Interviewer: “So why should we hire you?”
Me: “Cause I need a job very badly.”
Interviewer: “So?”
Me: “And you have a vacancy. BINGO”
You’ll get this gun when you pry it out of my cold dead ow hey give that back
I believe in you. I also believe in dragons, so don’t get too excited.
How do I answer the question “do you react well to anesthesia?” if I’m not allergic & I wake up fine but also when I had a colonoscopy I told the doctor he looked like a sexy Aladdin & when my gallbladder was removed I started singing “Smoke on the Water” to the scrub nurse?
Play a fun prank with your kids by hiding a bigger Elf on the Shelf in your house each day so in a few weeks he’s 10 feet tall and they’re absolutely terrified of Christmas.
Me: what do you want for dinner?
3yo: nothing.
Me: you want cheese on that nothing?
3yo: yes please.
kidnapper: we have your son
my dad: ask him if he has my lighter
Me: What does venison taste like?
Food Connoisseur: It’s similar to beef but more gamey.
[Later]
Me: *sees a cow playing Fortnite* V…venison?
me: I’m stuck in a time loop
friend: *sighing* is your watch on too tight
me: my watch is on too tight 🙂
ER Nurse: Let me get this straight.

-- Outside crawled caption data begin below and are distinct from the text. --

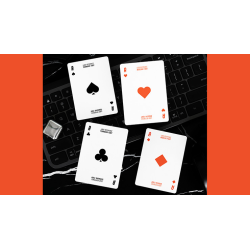 Graphic Design CheatSheet V3 Playing Cards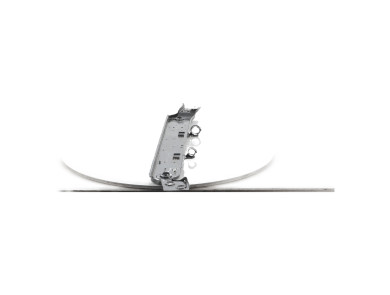 Traverse inférieure (berceau avant) - Ford TRANSIT V PH.1 - 2813668 - X1-9465K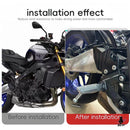 Cowl Fender Mt-09/Sp 2024-2026/Xsr900/Gp 2022-2026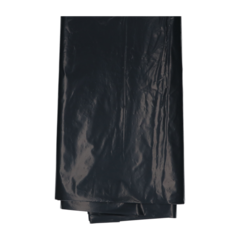 219900006 Returburksäck Stor Svart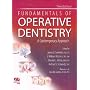 Fundamentals of Operative Dentistry: A Contemporary Approach
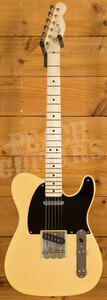 Fender Custom Shop 51 Nocaster | NOS Nocaster Blonde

You microwaved your food for too long and burned the inside of your mouth?
Me (mouthful of bandaids): Yesh.
Wishing a much deserved truly blessed day to my Instacart shopper who just told me she’s EGGCITED to get started on my order and for me to ROMAINE calm in case any items are out of stock, absolutely masterful, no notes
“So, is there a MRS. A-Z?” – Lady hitting on Jason Mraz
I can usually tell how productive I’ve been at work, by the battery life of my phone.
I don’t think the comings and goings of Cotton eyed Joe warrant a whole song.
Just overheard my 6-year-old son ask Alexa, “Alexa, is there anyone my dad could beat up?”
I hope my enemies are walking around in wet socks.
I backed my car into my husband’s car once when we were dating and for 25 years he’s not parked behind me.
I sprayed FeBreeze on the recliner and now my dog won’t talk to me.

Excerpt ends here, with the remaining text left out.